Your assignment - What you return must match the listing below character for character, minus any pictures.

[Input records]

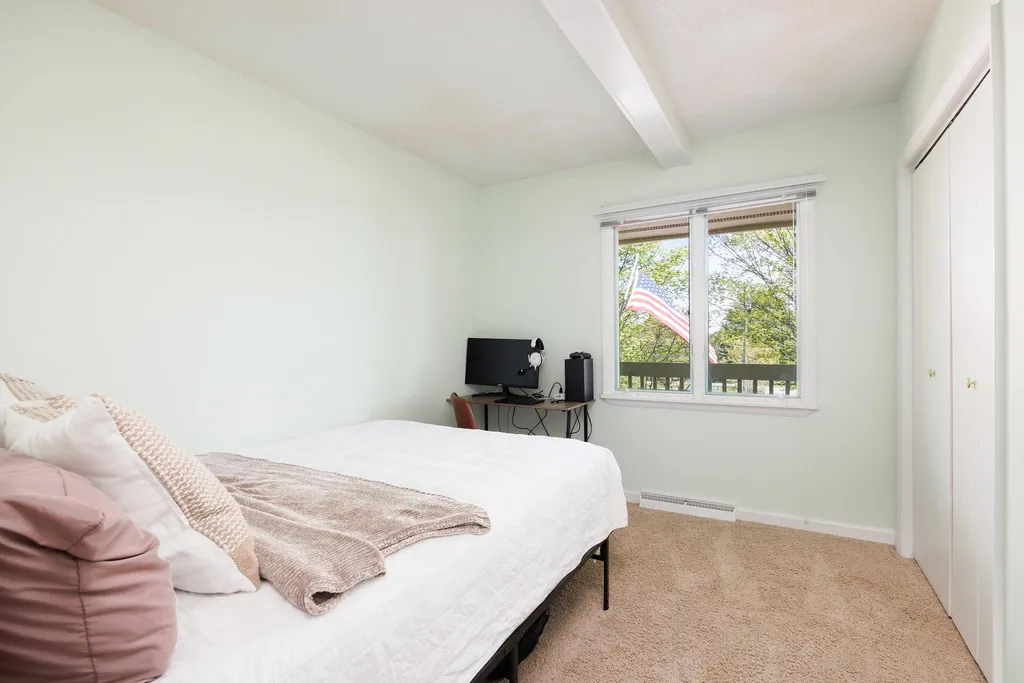 6066 S West Bay Shore Drive Bingham Township MI 49684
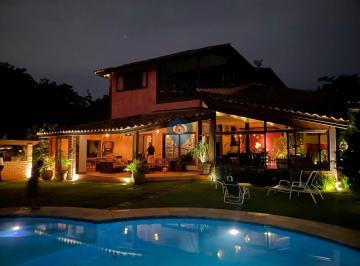 Casa · 724m² · 6 Quartos · 8 Vagas · Mansao no Gramado do Golf -A MELHOR VISTA DO CAMPO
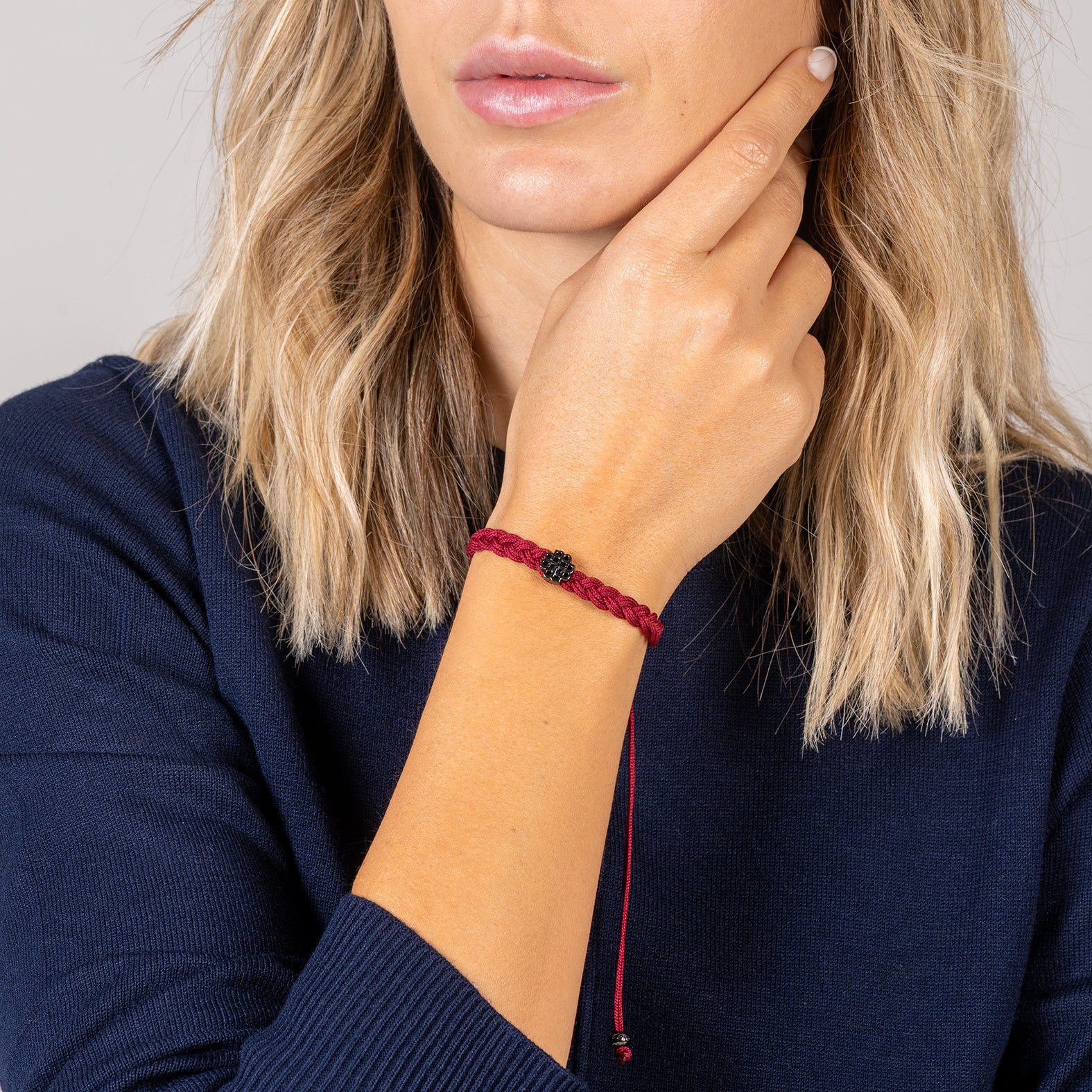 BRACELET ROUGE GRENAT, SYMBOLE D’AMOUR VÉRITABLE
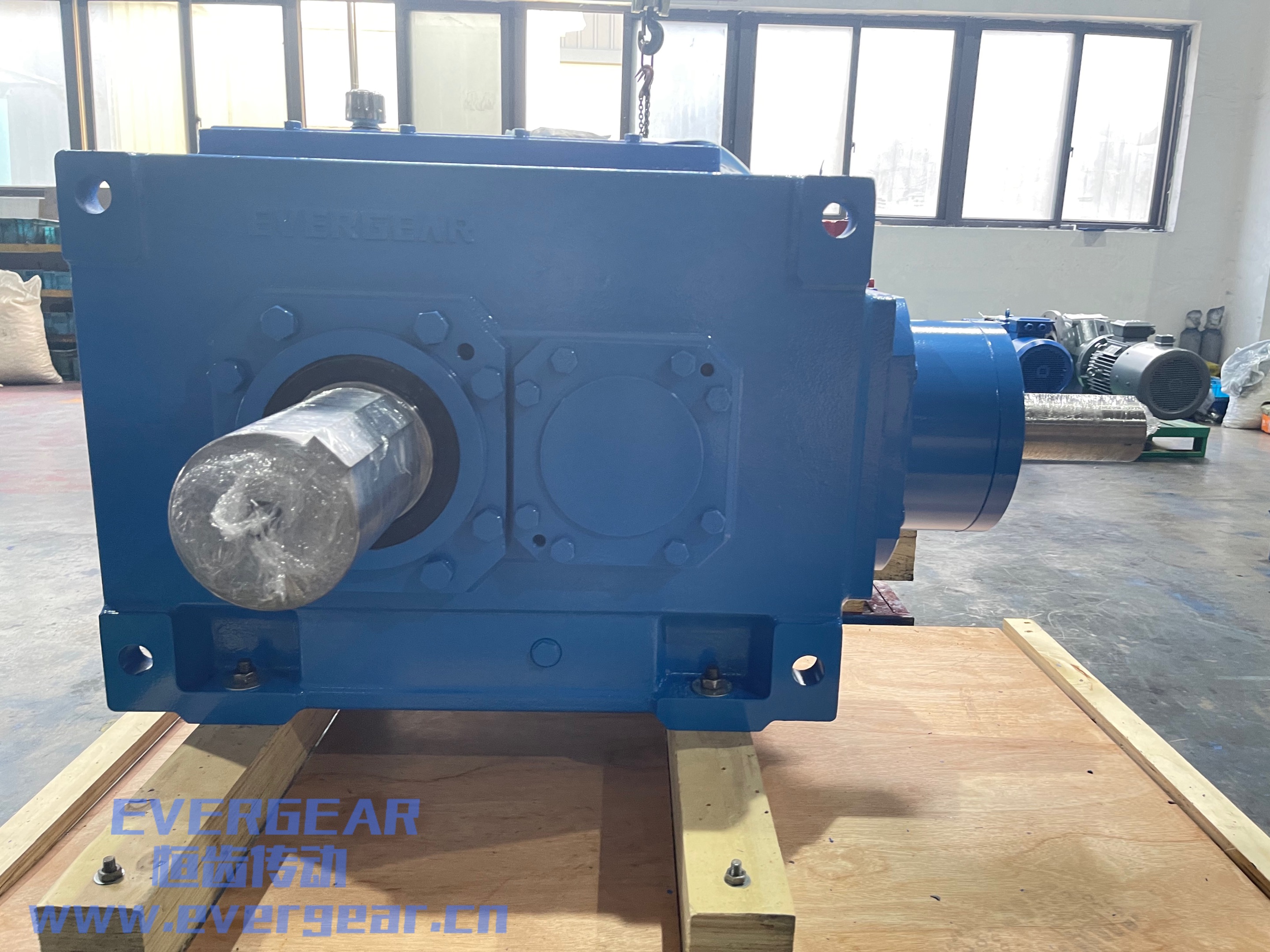 EH系列大功率齿轮减速机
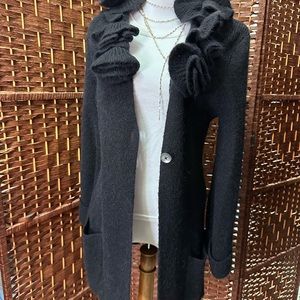 Small Soft Surroundings one button ruffled rosette duster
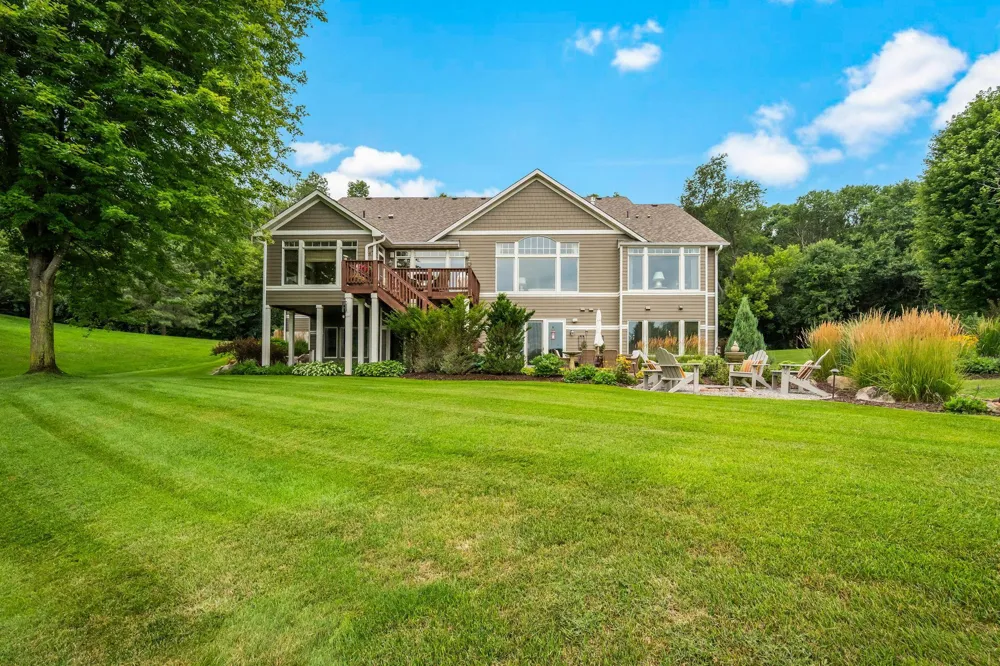 9356 Albright Court Inver Grove Heights, MN 55077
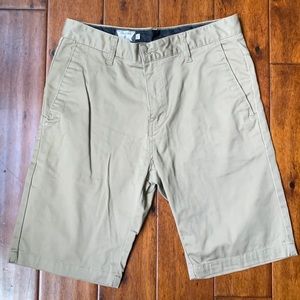 Volcom men’s khaki shorts. Size 30. Good condition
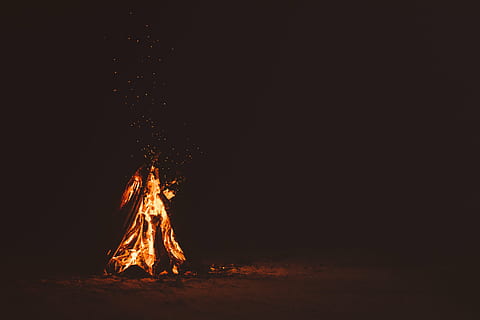 falò durante la notte, falò, notte, tempo, fuoco, fiamma, bruciare, fuoco di bivacco, buio, spiaggia, sabbia, ardente, calore - temperatura, nessuno, illuminato, all'aperto, avvicinamento, fuoco - fenomeno naturale, copia spazio, natura, terra, campeggio, legna, legno - materiale, ceppo, raggiante, movimento, sfondo nero, 5K, CC0, dominio pubblico, privo di copyright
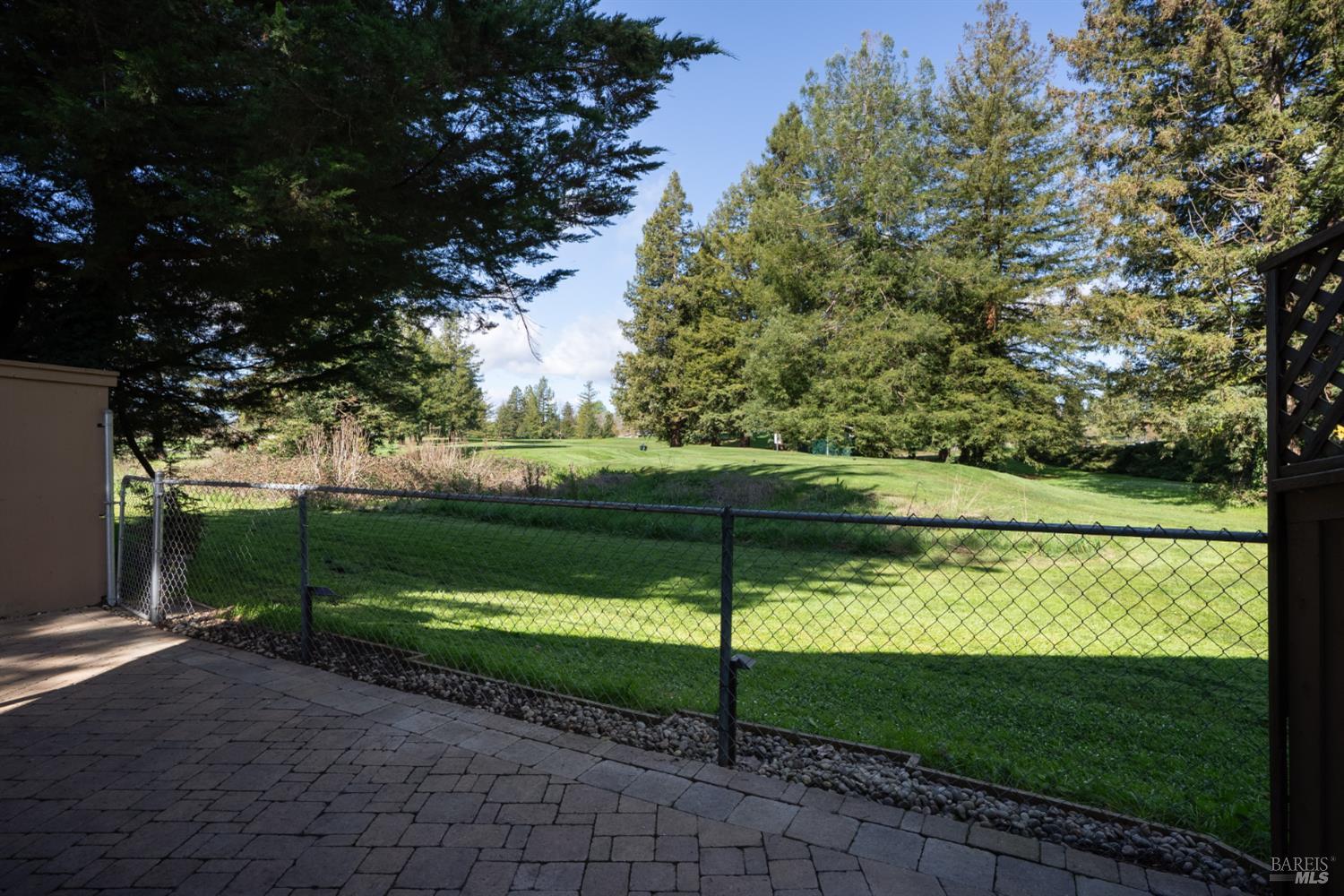 Detail Gallery Image 36 of 39 For 790 Hudis Dr, Rohnert Park,  CA 94928 - 2 Beds | 1/1 Baths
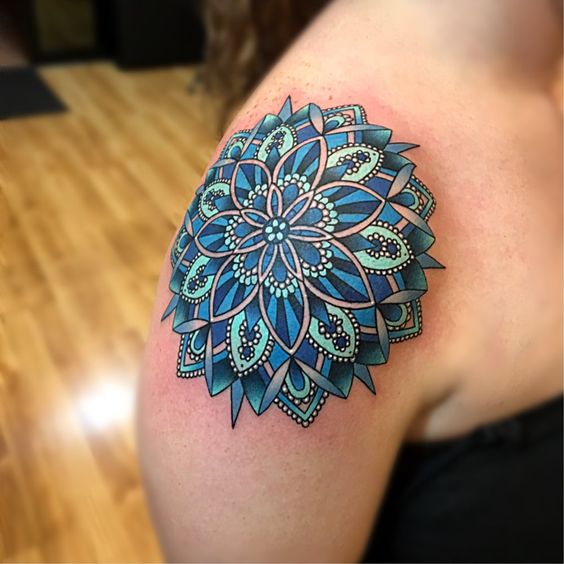 Tatouage Mandala Bleu Sur L'épaule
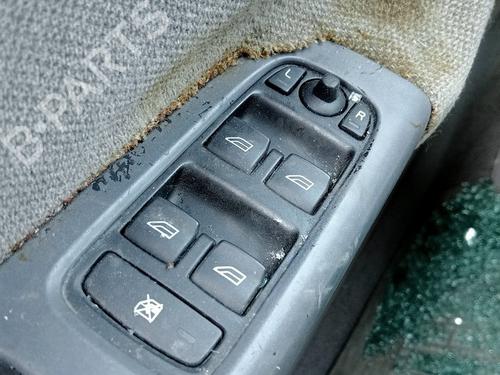 Fuse box VOLVO V50 (545) 2.0 D | BP27983688E1  - Image 13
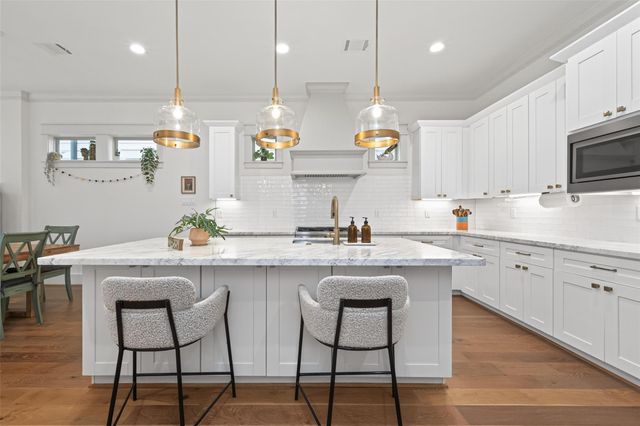 515 W 25th Street 1, Houston, TX 77008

[/Input records]

Written answer -
 6066 S West Bay Shore Drive Bingham Township MI 49684
 Casa · 724m² · 6 Quartos · 8 Vagas · Mansao no Gramado do Golf -A MELHOR VISTA DO CAMPO
 BRACELET ROUGE GRENAT, SYMBOLE D’AMOUR VÉRITABLE
 EH系列大功率齿轮减速机
 Small Soft Surroundings one button ruffled rosette duster
 9356 Albright Court Inver Grove Heights, MN 55077
 Volcom men’s khaki shorts. Size 30. Good condition
 falò durante la notte, falò, notte, tempo, fuoco, fiamma, bruciare, fuoco di bivacco, buio, spiaggia, sabbia, ardente, calore - temperatura, nessuno, illuminato, all'aperto, avvicinamento, fuoco - fenomeno naturale, copia spazio, natura, terra, campeggio, legna, legno - materiale, ceppo, raggiante, movimento, sfondo nero, 5K, CC0, dominio pubblico, privo di copyright
 Detail Gallery Image 36 of 39 For 790 Hudis Dr, Rohnert Park,  CA 94928 - 2 Beds | 1/1 Baths
 Tatouage Mandala Bleu Sur L'épaule
 Fuse box VOLVO V50 (545) 2.0 D | BP27983688E1  - Image 13
 515 W 25th Street 1, Houston, TX 77008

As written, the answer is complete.